What to work on: Hand back all records exactly, pictures omitted.

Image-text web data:
>>

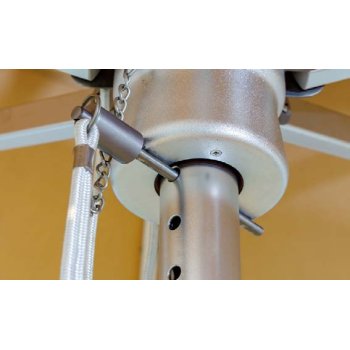 Three-Tier Ventilated Outdoor Patio Umbrella with Wood-Grain Aluminum Pole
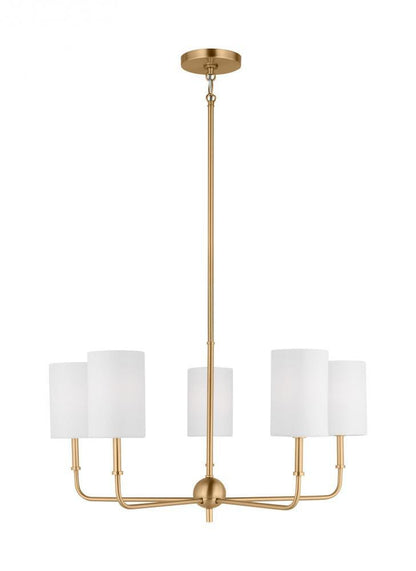 Visual Comfort Studio Foxdale 5 Light Chandelier Satin Brass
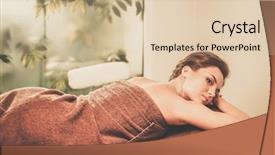  Presentation with spa salon - Audience pleasing presentation consisting of beautiful young woman having massage backdrop and a  colored foreground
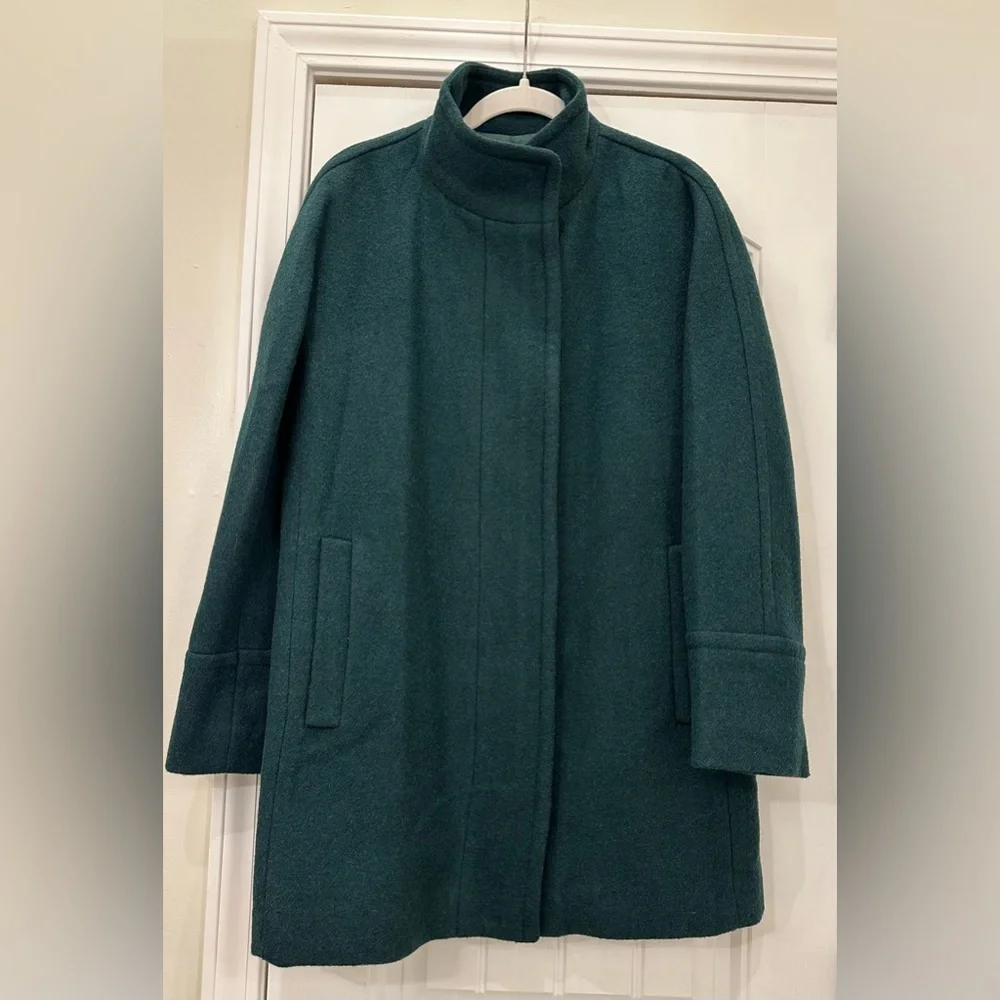 J. Crew NWT Green Wool Blend City Coat Size 8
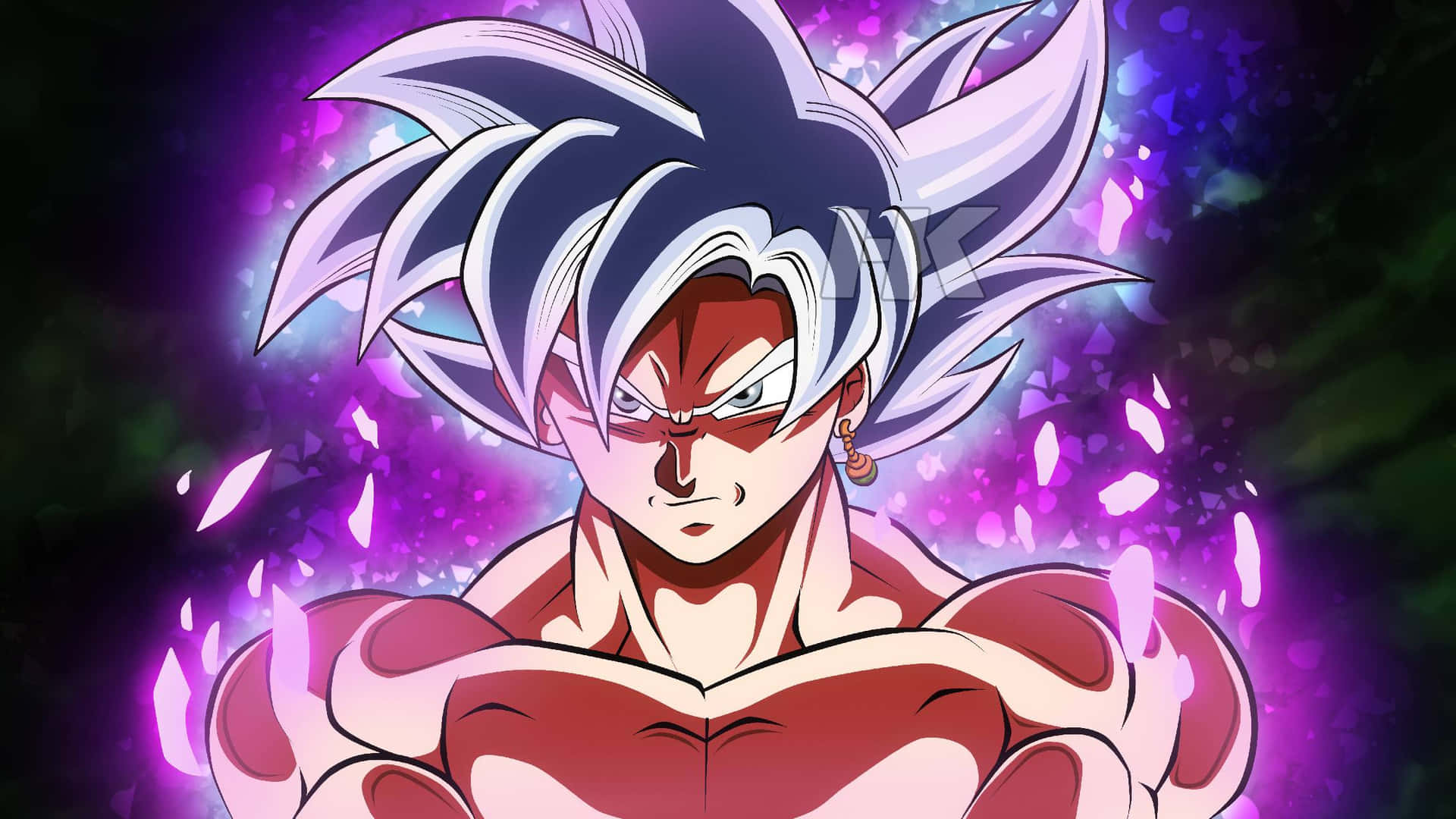 Mui Goku 桌布 壁紙 — 動漫角色悟空以超級賽亞人神形態呈現，擁有尖刺白髮和發光的紫色氣場，背景為宇宙。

<<

Finished task:
 Three-Tier Ventilated Outdoor Patio Umbrella with Wood-Grain Aluminum Pole
 Visual Comfort Studio Foxdale 5 Light Chandelier Satin Brass
  Presentation with spa salon - Audience pleasing presentation consisting of beautiful young woman having massage backdrop and a  colored foreground
 J. Crew NWT Green Wool Blend City Coat Size 8
 Mui Goku 桌布 壁紙 — 動漫角色悟空以超級賽亞人神形態呈現，擁有尖刺白髮和發光的紫色氣場，背景為宇宙。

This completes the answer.